--- What to do ---
Your answer should consist of every line in the records that holds "Thumbnail".

--- Source data ---
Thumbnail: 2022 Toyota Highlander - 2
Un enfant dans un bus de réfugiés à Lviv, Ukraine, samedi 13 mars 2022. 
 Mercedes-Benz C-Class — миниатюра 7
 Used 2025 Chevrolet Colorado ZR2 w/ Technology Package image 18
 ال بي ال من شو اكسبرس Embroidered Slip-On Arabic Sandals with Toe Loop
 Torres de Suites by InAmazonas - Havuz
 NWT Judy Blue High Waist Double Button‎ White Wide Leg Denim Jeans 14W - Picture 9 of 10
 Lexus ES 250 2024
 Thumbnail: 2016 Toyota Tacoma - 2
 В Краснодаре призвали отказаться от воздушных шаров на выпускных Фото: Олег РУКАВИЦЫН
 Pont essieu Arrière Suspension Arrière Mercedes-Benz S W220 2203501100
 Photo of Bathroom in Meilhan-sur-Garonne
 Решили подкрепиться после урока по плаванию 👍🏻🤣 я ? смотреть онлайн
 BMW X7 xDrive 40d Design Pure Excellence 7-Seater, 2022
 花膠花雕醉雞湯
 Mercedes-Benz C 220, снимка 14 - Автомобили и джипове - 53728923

--- Worked solution ---
Thumbnail: 2022 Toyota Highlander - 2
 Thumbnail: 2016 Toyota Tacoma - 2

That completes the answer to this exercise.